Having cleared away much of the undergrowth that has accumulated in NT scholarship over the years, in Part 4 Wright considers the Easter stories themselves, their origin and character. What is particularly striking are the surprises of the resurrection narratives - no embellishments with OT texts (think of how Matthew does this with almost every other event); the failure to link Jesus's resurrection with the general resurrection hope of believers; the ambiguous portrayal of Jesus, very 'earthy' - he eats and drinks, and yet he can appear and disappear with no attempt to try and explain this (given the influence of Daniel 12 on contemporary Jewish thought, that the righteous will shine like stars, why is Jesus's body not portrayed as shining?); and the fact that women are the first eyewitnesses when their evidence would not be considered trustworthy in a court of law. All of these things cry out for a historically plausible explanation. These are not the sort of accounts one would write if they were created retrospectively as a result of some 'faith experience' (contra Bultmann and Schillebeeckx), but they are the rough-and-ready narratives one would expect from an early tradition. There then follows a masterful consideration of each of the Easter narratives which carefully and intriguingly unpacks the theological distinctives of the four evangelists.
Sufficient and necessary
In the final part of the book, Tom Wright argues that the empty tomb together with the appearances of Jesus provide both the sufficient and necessary conditions for the rise of early Christian belief. What is more, it is the bodily resurrection of Jesus which provides a sufficient and necessary condition for the empty tomb and the appearances. Rival explanations are shown to be woefully inadequate.
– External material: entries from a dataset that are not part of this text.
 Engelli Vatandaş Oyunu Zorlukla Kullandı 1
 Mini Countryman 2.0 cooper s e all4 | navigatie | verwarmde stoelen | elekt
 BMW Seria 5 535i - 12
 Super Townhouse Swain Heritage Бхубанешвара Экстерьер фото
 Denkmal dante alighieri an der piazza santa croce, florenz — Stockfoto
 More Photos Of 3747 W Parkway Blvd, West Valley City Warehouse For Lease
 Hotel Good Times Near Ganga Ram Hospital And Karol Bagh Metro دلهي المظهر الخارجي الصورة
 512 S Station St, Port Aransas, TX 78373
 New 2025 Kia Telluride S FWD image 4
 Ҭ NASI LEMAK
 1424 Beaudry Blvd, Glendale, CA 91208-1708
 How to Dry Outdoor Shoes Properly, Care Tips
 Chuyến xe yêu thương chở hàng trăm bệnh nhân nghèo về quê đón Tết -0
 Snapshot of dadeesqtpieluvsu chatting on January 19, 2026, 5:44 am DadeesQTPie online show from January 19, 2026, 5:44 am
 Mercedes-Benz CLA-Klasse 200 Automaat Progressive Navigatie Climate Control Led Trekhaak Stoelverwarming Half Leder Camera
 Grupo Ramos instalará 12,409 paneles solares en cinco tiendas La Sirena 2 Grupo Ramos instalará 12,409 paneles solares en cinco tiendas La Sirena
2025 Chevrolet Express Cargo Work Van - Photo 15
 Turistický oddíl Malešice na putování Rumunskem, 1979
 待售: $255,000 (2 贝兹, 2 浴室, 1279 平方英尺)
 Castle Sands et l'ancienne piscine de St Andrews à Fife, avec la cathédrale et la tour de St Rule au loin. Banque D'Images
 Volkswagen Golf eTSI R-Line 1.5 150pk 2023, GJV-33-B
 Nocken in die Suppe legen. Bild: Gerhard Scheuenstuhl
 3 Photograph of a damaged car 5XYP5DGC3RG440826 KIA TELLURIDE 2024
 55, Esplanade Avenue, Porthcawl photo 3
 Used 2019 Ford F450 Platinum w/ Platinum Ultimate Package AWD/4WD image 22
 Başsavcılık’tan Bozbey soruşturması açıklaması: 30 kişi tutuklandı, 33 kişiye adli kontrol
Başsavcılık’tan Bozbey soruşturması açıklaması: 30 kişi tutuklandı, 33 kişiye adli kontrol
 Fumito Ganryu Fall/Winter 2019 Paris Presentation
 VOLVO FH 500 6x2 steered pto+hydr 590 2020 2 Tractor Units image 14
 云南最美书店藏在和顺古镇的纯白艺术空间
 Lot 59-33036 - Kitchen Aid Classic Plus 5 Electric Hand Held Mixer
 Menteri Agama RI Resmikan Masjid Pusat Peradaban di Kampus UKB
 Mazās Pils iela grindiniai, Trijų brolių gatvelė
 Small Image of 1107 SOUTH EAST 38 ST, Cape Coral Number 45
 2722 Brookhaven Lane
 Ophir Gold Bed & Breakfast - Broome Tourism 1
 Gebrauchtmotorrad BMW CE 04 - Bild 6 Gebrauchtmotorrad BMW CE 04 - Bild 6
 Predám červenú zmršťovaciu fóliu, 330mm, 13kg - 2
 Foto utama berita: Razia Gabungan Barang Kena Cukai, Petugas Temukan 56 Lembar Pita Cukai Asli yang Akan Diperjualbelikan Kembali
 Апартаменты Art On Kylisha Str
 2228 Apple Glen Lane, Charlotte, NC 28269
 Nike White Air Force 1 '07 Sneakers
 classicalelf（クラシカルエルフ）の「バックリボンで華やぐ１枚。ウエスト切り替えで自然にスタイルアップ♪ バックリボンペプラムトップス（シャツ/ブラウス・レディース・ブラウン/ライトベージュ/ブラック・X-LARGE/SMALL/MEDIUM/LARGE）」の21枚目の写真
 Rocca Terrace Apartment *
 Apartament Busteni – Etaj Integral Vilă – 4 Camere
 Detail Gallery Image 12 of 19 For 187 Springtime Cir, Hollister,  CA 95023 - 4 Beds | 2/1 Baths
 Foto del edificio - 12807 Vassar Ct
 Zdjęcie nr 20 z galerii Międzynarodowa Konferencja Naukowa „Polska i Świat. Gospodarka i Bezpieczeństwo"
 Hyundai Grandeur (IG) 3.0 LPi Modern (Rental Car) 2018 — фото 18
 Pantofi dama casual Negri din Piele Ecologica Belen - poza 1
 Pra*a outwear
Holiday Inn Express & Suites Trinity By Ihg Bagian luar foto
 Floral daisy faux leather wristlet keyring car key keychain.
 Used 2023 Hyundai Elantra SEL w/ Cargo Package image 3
The last chapter links the resurrection to the other aspect of Wright's theological enterprise, the question of God and how this gave rise to a high Christology very early on. Jesus was not simply 'the Son of God' understood messianically (although that was the case), but 'he is the one in whom the living God, Israel's God, has become personally present in the world, has become one of the human creatures that were made from the beginning in the image of this same God' (p. 733). Wright also demonstrates how revolutionary and politically subversive this belief was then and still is.
As with all of Tom Wright's writings, this book is a joy to read by virtue of the way it is written. Someone once described him as writing, 'wonderfully, accessibly and as smooth as fine chocolate'. That is true. To read Tom Wright is almost an enriching aesthetic experience, as well as a rewardingly spiritual and intellectual one. He writes with great clarity and piercing wit (I found myself laughing out loud on more than one occasion!) and leaves no stone unturned (pardon the pun).
There is also a wonderful providential irony here. Twenty years ago, the then Bishop of Durham, David Jenkins, was publicly arguing for the very anodyne liberal view the present Bishop of Durham has so effectively demolished.
This is a book which is to be highly recommended. It is a model of serious scholarship, rigorous thought, clarity of expression and deep devotion.